When Henry Kingston died suddenly, his widow urged Goodman to turn professional and help her run the dance studio. As Goodman recalled, this is how he became “Britain’s first ex-docker and welder dance teacher”.
In 1973 she opened her own dance center in Dartford. He and Cherry also demonstrated on the vacation camp circuit, where Goodman learned how to handle a crowd with banter through a microphone. For three days every fortnight the couple traveled to Dusseldorf to form a German training dance team, to take classes and give private lessons.
In early 2004, when he was nearly 60, he heard that the BBC was struggling to complete the lineup of four judges for Strictly, only three of whom had been chosen. When he was invited to audition, he looked like a country gentleman in a tweed suit and two-tone shoes bought on Jermyn Street. He was stunned when he was offered the chairmanship of the panel.
Goodman has always voiced her opinion on dance routines on the Strictly dance floor. “You were like a chess master,” she told singer Jay McGuiness and his professional partner, Aliona Vilani. “You planned to go around that floor. That was a mango from a tango. Delightful.”

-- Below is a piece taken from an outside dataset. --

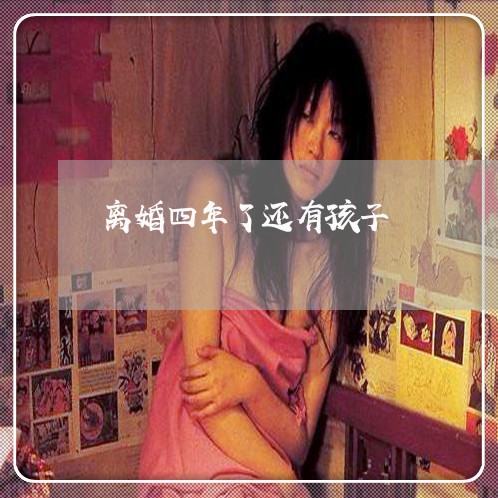 离婚四年了还有孩子/2023111763915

Praising singer Frankie Bridge for her foxtrot, he stated, “You floated across the floor like butter on a scone.” But he was unimpressed by the jokes of broadcaster Jeremy Vine and his professional partner Karen Clifton (now Hauer). “It was like watching a stork that had been struck by lightning,” Goodman said.
With his first wife, Goodman achieved several dance titles, including Kent Professional Champions (1969), British Professional Rising Stars (1972), and Duel of the Giants (1973 and 1975). He released his autobiography, Better Late Than Never, in 2008.
He continued to appear on Strictly while he was being treated for prostate cancer in 2009, and had knee replacement surgery during the 2015 series, but again refused to take a week off from his reporting duties. judge, appearing on camera on crutches. “I’m just a dance teacher from Dartford who got lucky.”
Len Goodman’s first marriage, to his dance partner Cherry Kingston in 1972, ended in divorce. Her subsequent relationship with a teacher at her dance school produced a son, James, who now teaches Latin and ballroom dancing at the Goodman Dance Academy founded by his father in Dartford. Len Goodman’s second marriage, in 2012, was to his partner of more than 10 years, dance teacher Sue Barrett.